Infelizmente, isso não significa que teremos o tipo adequado de acordo. As políticas que empregamos precisam ser tão efetivas e eficientes quanto possível. O que isso significa? Eu enfatizaria três critérios.
Primeiro, precisamos de preços para o carbono que se apliquem sobre horizontes de planejamento relevantes. Esse preço não pode ser fixado para sempre, precisa mudar de acordo com os acontecimentos. Mas precisa ser bem mais estável do que o mercado da União Europeia permite. Por esse motivo, para mim, um imposto parece ser mais atraente do que sistema de comércio de créditos.

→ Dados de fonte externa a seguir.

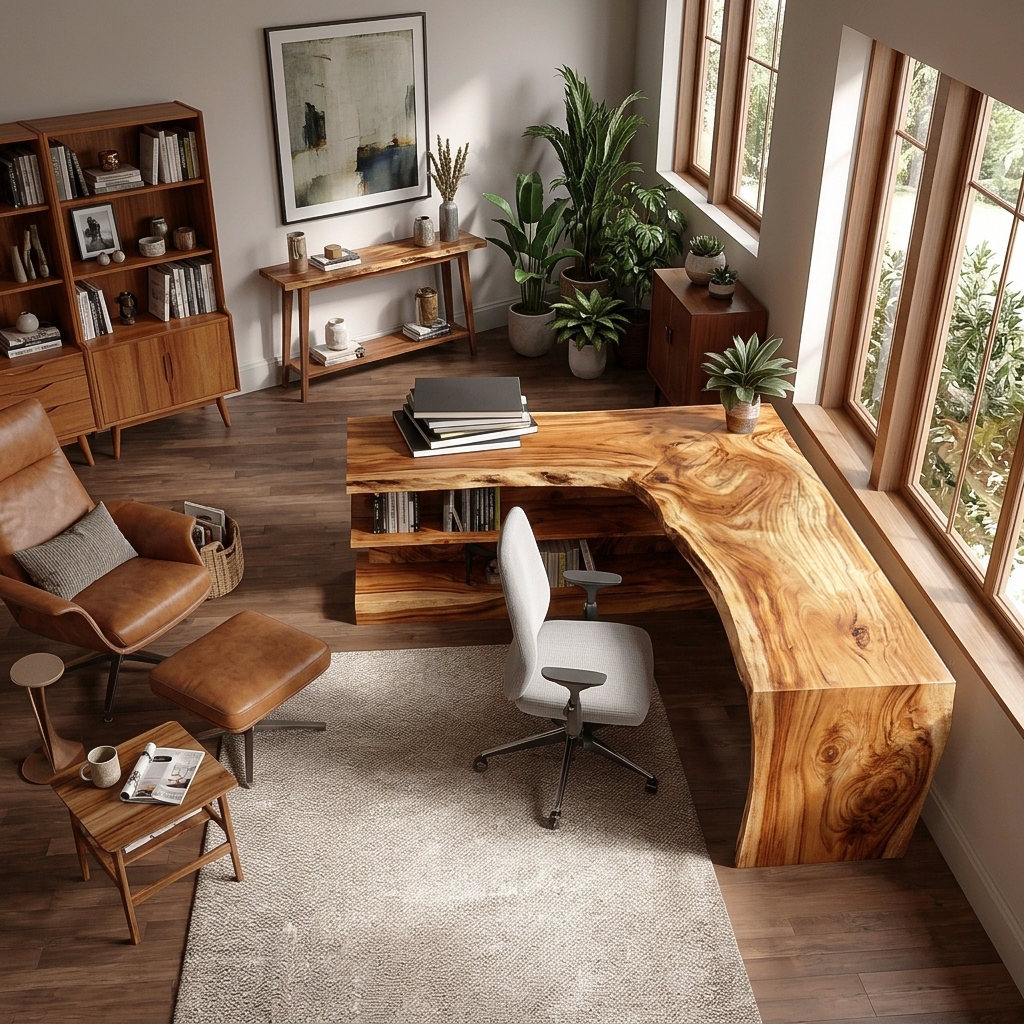 Wooden Desk With Storage Design For Home Workspace RTTHTTDE072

Segundo, o local onde ocorram as reduções precisa ser descolado de quem vai pagar por isso. As reduções precisam ocorrer onde são mais eficientes. É por isso que as emissões nos países em desenvolvimento precisam ser incluídas. Mas o custo deve recair sobre os mais afluentes. Isso tanto porque eles podem arcar, como porque eles produziram a maior parte das emissões passadas.

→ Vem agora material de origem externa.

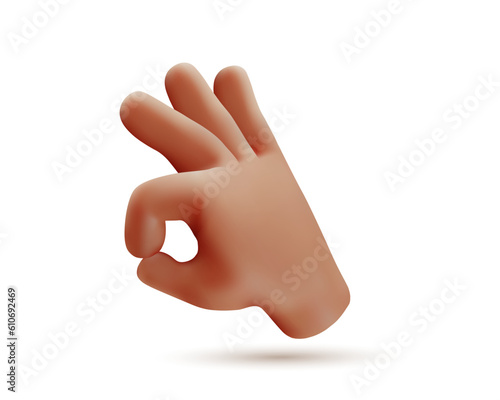 Vector illustration of hand gesture sign ok with finger on white color background. 3d style emoji design of man black skin hand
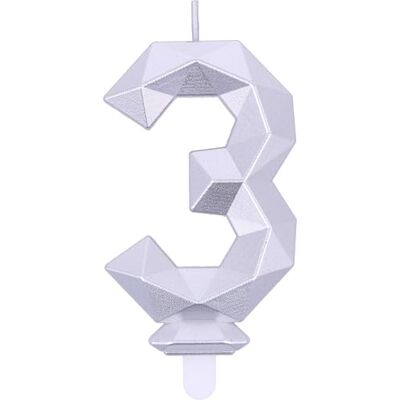 Graziano - Candelina 3 - Diamant Zilver - 7,5 cm - Candle Graziano - Candelina 3 - Diamant Zilver - 7,5 cm - Candle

Por fim, precisamos desenvolver e aplicar inovações em todas as tecnologias relevantes. Um relatório do instituto de estudos Bruegel sustenta, de forma persuasiva, que simplesmente elevar os preços sobre as emissões de carbono reforçaria a posição das tecnologias estabelecidas. Precisamos, da mesma forma, de subsídios em grande escala para a inovação**.
Combater a ameaça das mudanças climáticas é o desafio coletivo mais complexo que a humanidade já enfrentou. O êxito requer ações custosas e coordenadas entre vários países para lidar com uma ameaça distante, em nome das pessoas que ainda não nasceram, sob um manto de inevitáveis incertezas sobre os custos de não agir. Chegamos ao ponto, entretanto, em que há um consenso geral da natureza da ameaça e dos tipos de políticas que precisamos seguir para lidar com isso. Pode ser que não cheguemos a um acordo em Copenhague. Mas o momento de tomar uma decisão chegou. Ou agimos logo ou descobriremos se os céticos estavam certos. Se deixarmos de agir, espero que estejam. Mas tenho grandes dúvidas quanto a isso.